Activity:
All pictures are to be excluded when the data below is output verbatim.

*** Exercise data ***

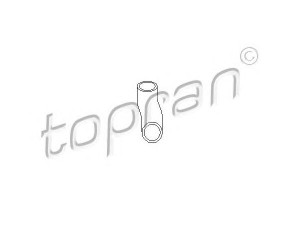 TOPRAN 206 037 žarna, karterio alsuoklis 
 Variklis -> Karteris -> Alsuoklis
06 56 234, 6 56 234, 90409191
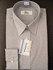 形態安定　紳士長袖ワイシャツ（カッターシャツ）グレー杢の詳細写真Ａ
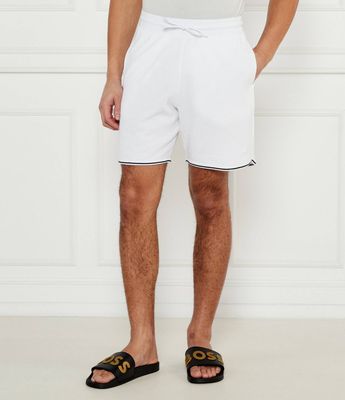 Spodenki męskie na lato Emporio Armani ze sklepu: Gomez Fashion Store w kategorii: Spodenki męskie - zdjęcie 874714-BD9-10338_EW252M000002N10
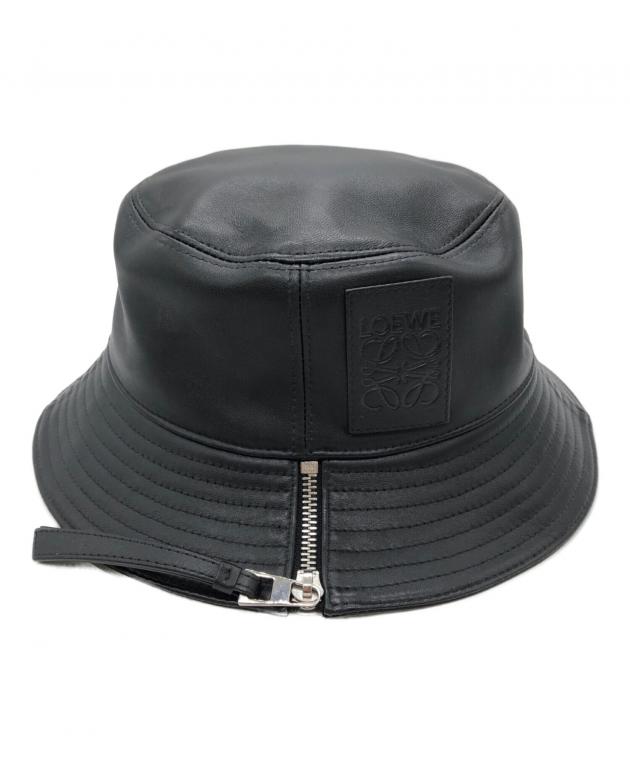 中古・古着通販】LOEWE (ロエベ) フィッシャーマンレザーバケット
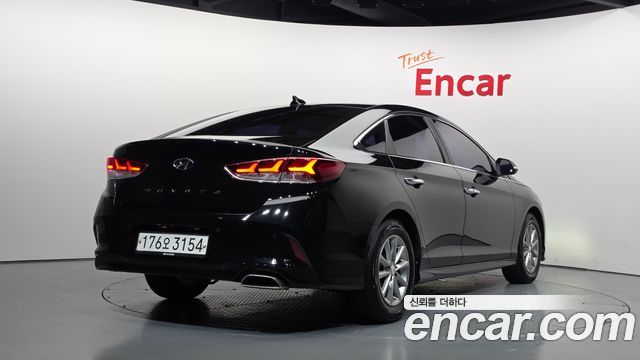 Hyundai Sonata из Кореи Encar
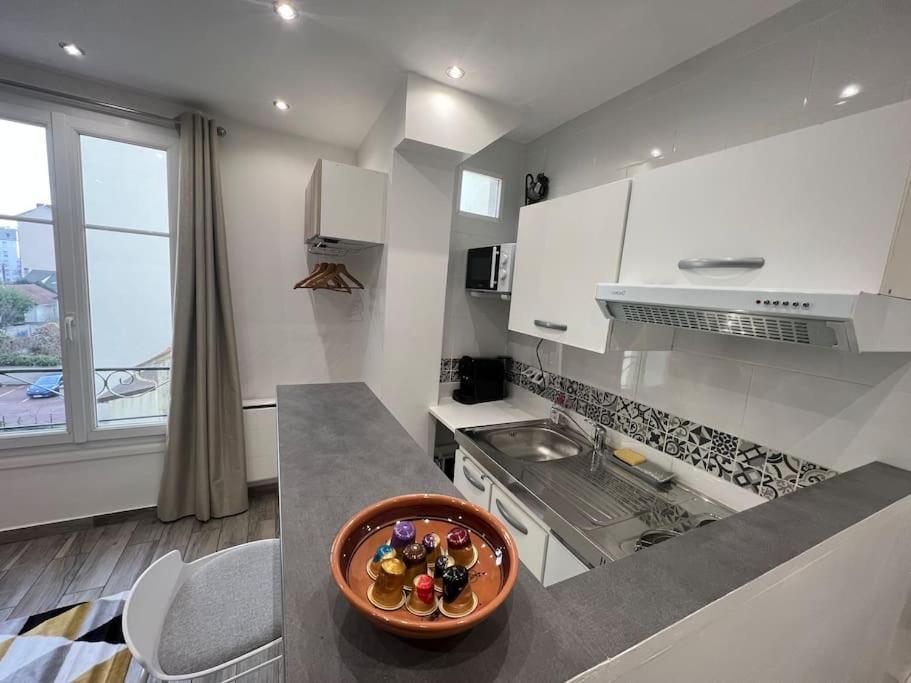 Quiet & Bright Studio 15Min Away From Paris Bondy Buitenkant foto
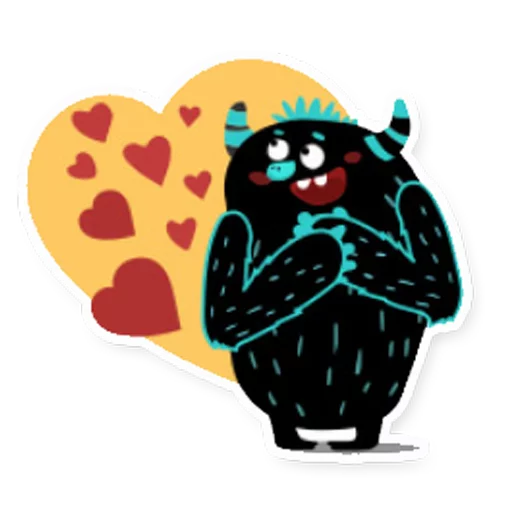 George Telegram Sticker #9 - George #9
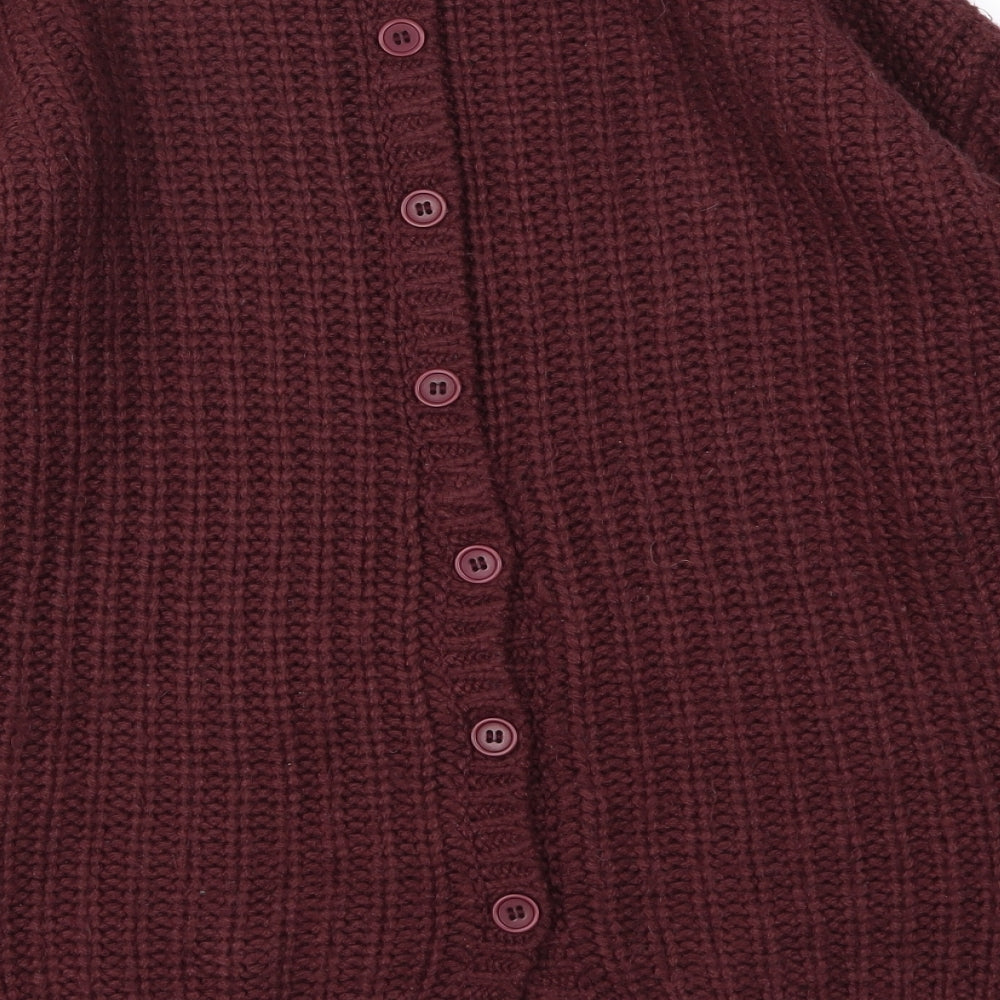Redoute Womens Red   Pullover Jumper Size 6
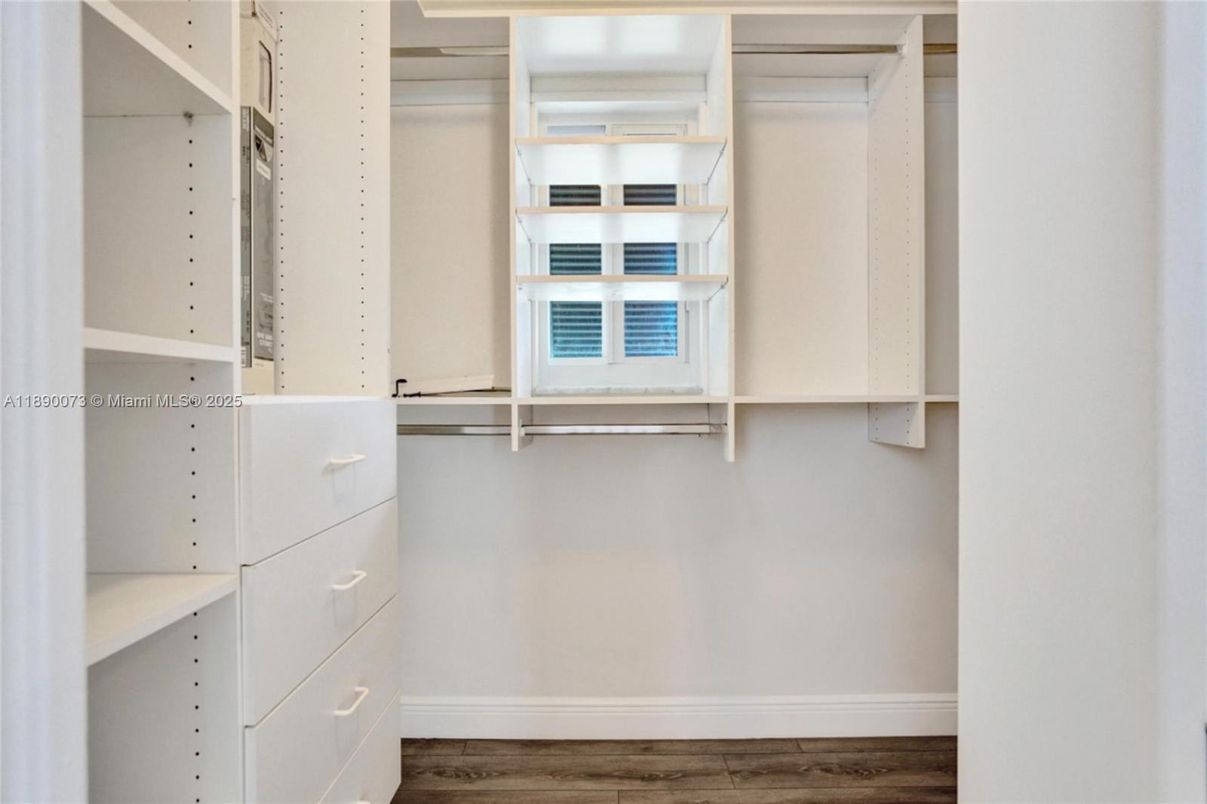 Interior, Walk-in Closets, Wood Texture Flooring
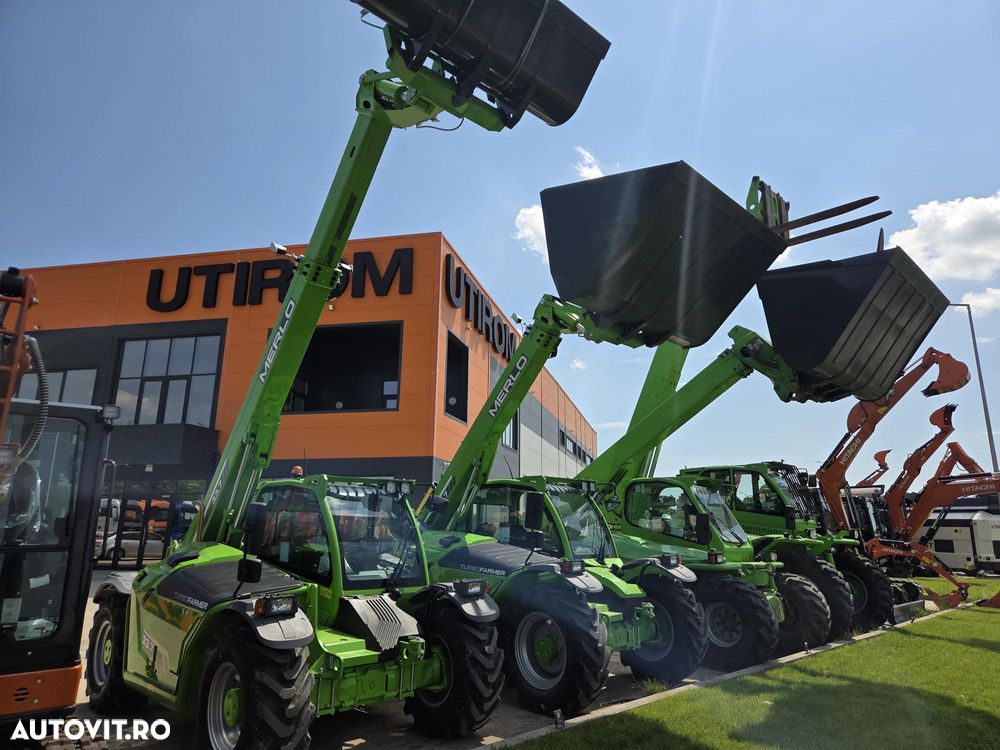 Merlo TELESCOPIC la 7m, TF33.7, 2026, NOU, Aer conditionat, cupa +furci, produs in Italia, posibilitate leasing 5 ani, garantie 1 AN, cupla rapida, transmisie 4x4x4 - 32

*** End of Exercise data ***

Result of the task:
 TOPRAN 206 037 žarna, karterio alsuoklis 
 Variklis -> Karteris -> Alsuoklis
06 56 234, 6 56 234, 90409191
 形態安定　紳士長袖ワイシャツ（カッターシャツ）グレー杢の詳細写真Ａ
 Spodenki męskie na lato Emporio Armani ze sklepu: Gomez Fashion Store w kategorii: Spodenki męskie - zdjęcie 874714-BD9-10338_EW252M000002N10
 中古・古着通販】LOEWE (ロエベ) フィッシャーマンレザーバケット
 Hyundai Sonata из Кореи Encar
 Quiet & Bright Studio 15Min Away From Paris Bondy Buitenkant foto
 George Telegram Sticker #9 - George #9
Redoute Womens Red   Pullover Jumper Size 6
 Interior, Walk-in Closets, Wood Texture Flooring
 Merlo TELESCOPIC la 7m, TF33.7, 2026, NOU, Aer conditionat, cupa +furci, produs in Italia, posibilitate leasing 5 ani, garantie 1 AN, cupla rapida, transmisie 4x4x4 - 32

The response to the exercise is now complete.